**WORK TASK**: Keep every word of the listing and reproduce it exactly, but set aside any image found there.

**THE DATA**:
++++++

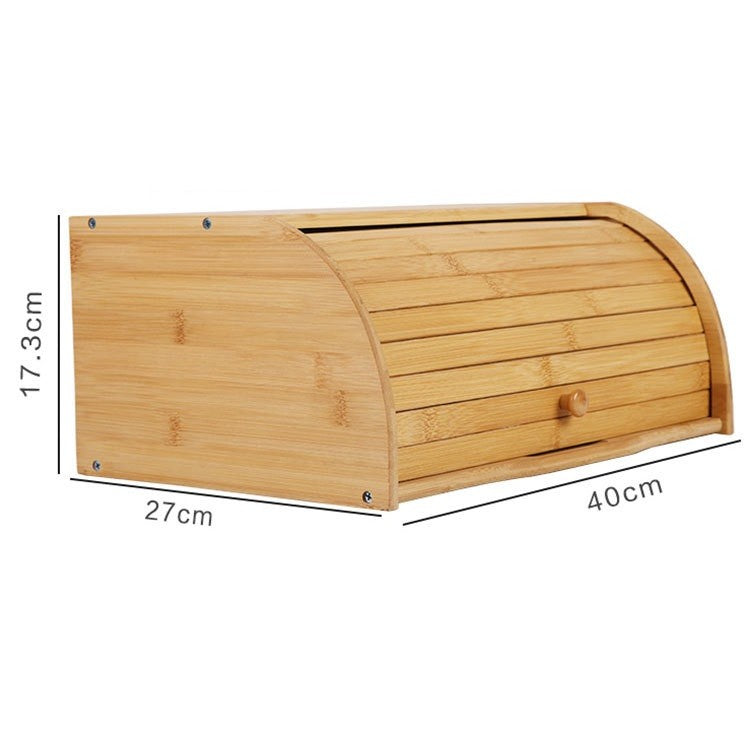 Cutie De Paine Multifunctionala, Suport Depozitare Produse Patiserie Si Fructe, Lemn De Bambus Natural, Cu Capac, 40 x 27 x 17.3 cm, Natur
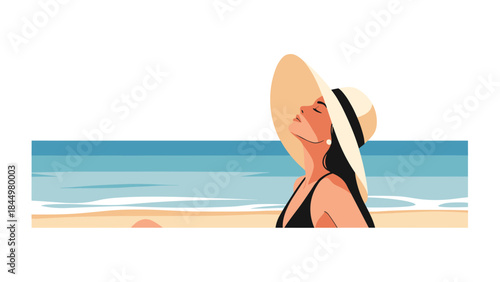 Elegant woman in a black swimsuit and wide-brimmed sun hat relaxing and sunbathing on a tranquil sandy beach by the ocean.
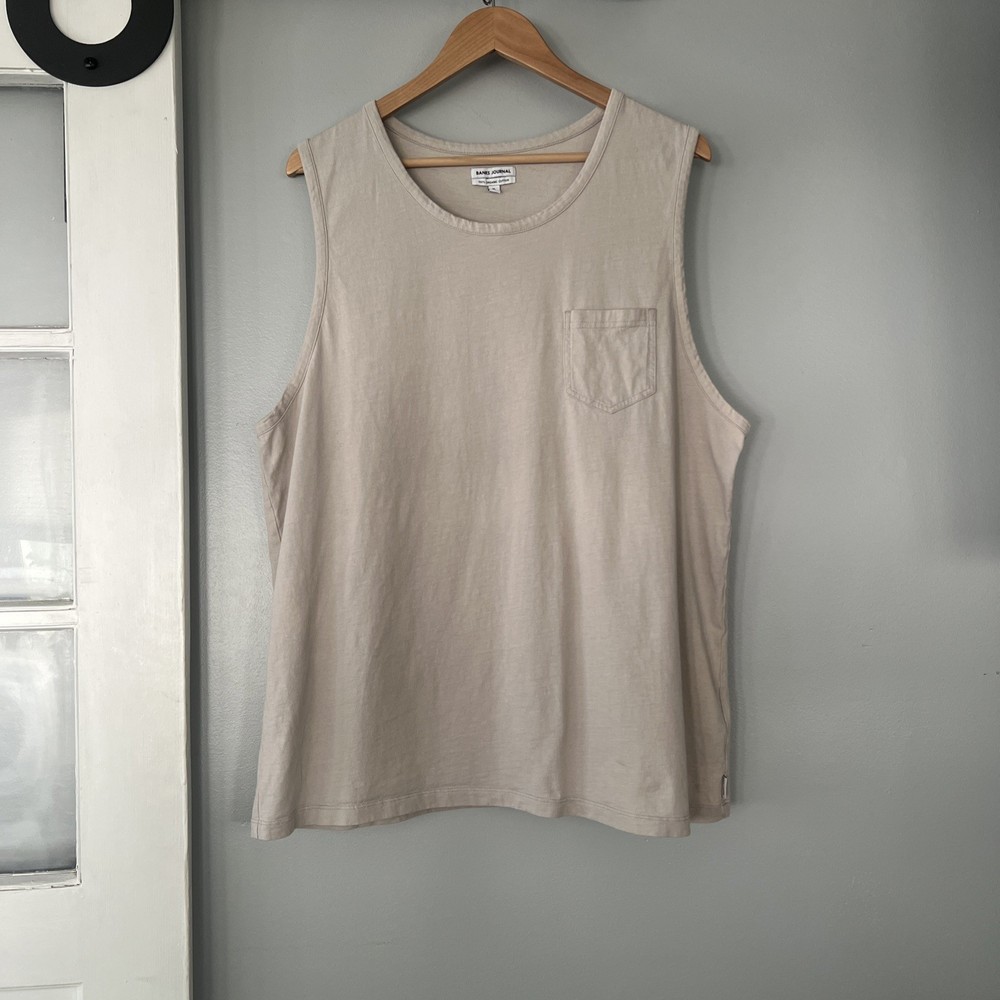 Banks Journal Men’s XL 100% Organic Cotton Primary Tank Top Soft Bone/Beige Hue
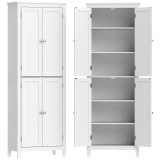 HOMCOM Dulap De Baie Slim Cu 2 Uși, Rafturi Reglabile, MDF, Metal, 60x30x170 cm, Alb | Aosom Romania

++++++

**TASK RESULT**:
 Cutie De Paine Multifunctionala, Suport Depozitare Produse Patiserie Si Fructe, Lemn De Bambus Natural, Cu Capac, 40 x 27 x 17.3 cm, Natur
 Elegant woman in a black swimsuit and wide-brimmed sun hat relaxing and sunbathing on a tranquil sandy beach by the ocean.
 Banks Journal Men’s XL 100% Organic Cotton Primary Tank Top Soft Bone/Beige Hue
 HOMCOM Dulap De Baie Slim Cu 2 Uși, Rafturi Reglabile, MDF, Metal, 60x30x170 cm, Alb | Aosom Romania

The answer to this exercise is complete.